Print the listing below only from the line that has "[PRE-ORDER] Hug me sweatshirt" through the line that has "Used 2025 Super", exactly, and drop any picture.

**Study material:**
[Start of Attachment]

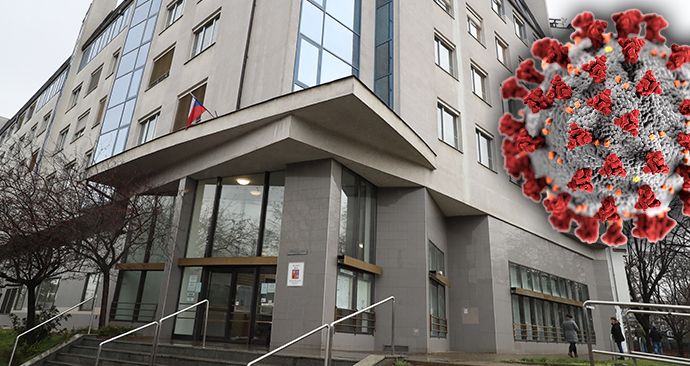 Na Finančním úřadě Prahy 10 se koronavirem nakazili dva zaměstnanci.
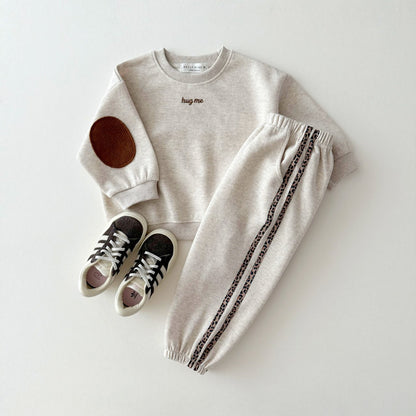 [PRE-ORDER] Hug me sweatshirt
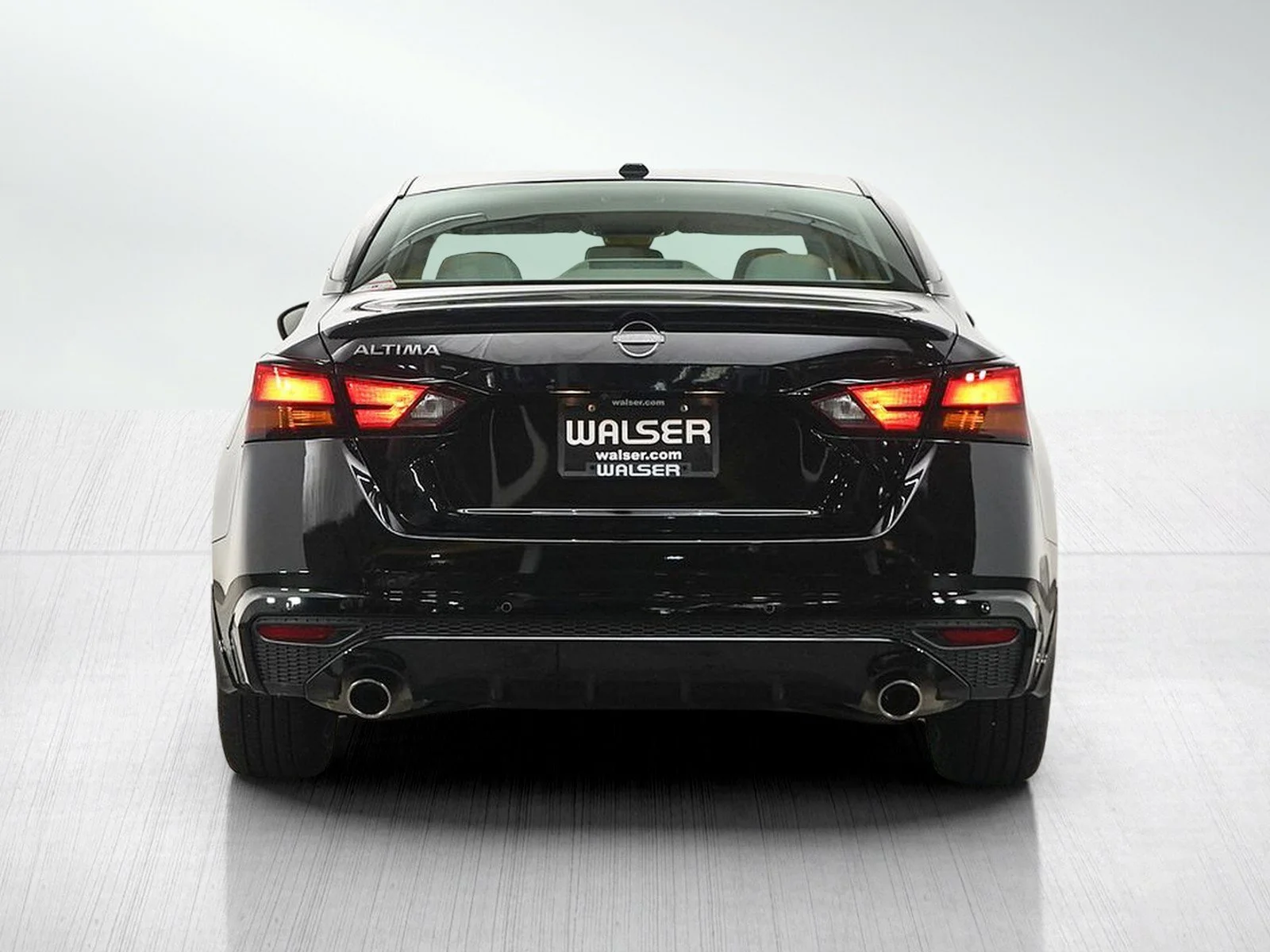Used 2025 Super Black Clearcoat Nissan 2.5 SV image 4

[End of Attachment]
[Start of Attachment]

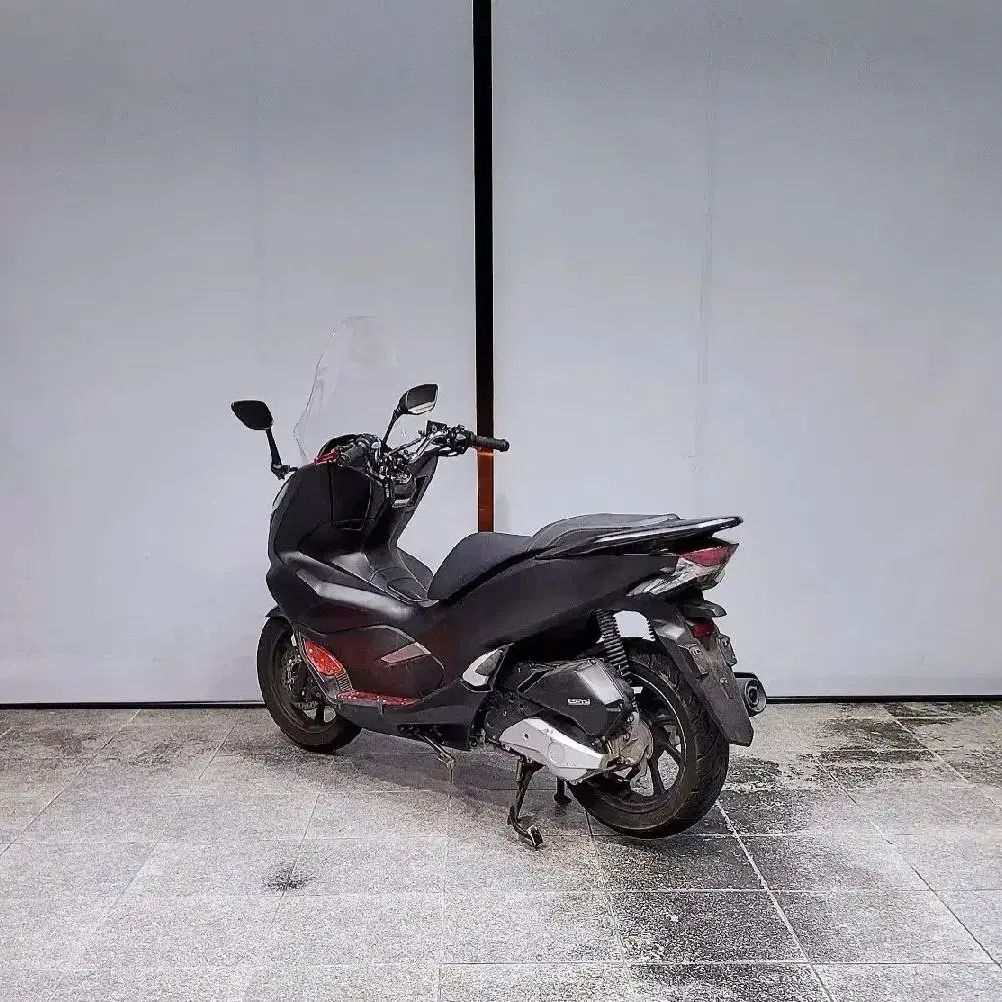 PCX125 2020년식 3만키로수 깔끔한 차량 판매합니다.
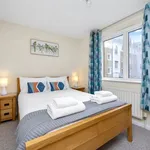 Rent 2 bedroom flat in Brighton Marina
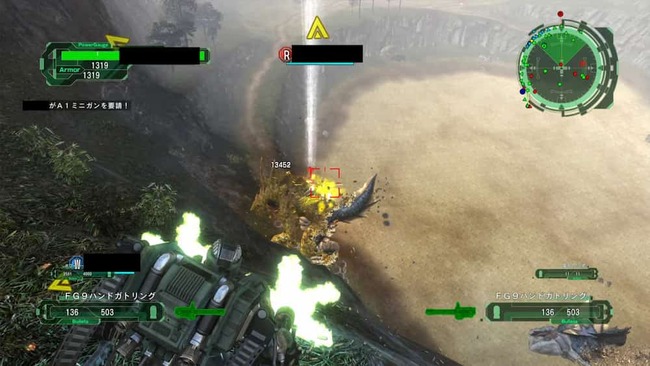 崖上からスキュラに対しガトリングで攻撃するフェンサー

[End of Attachment]

**Task output:**
 [PRE-ORDER] Hug me sweatshirt
Used 2025 Super Black Clearcoat Nissan 2.5 SV image 4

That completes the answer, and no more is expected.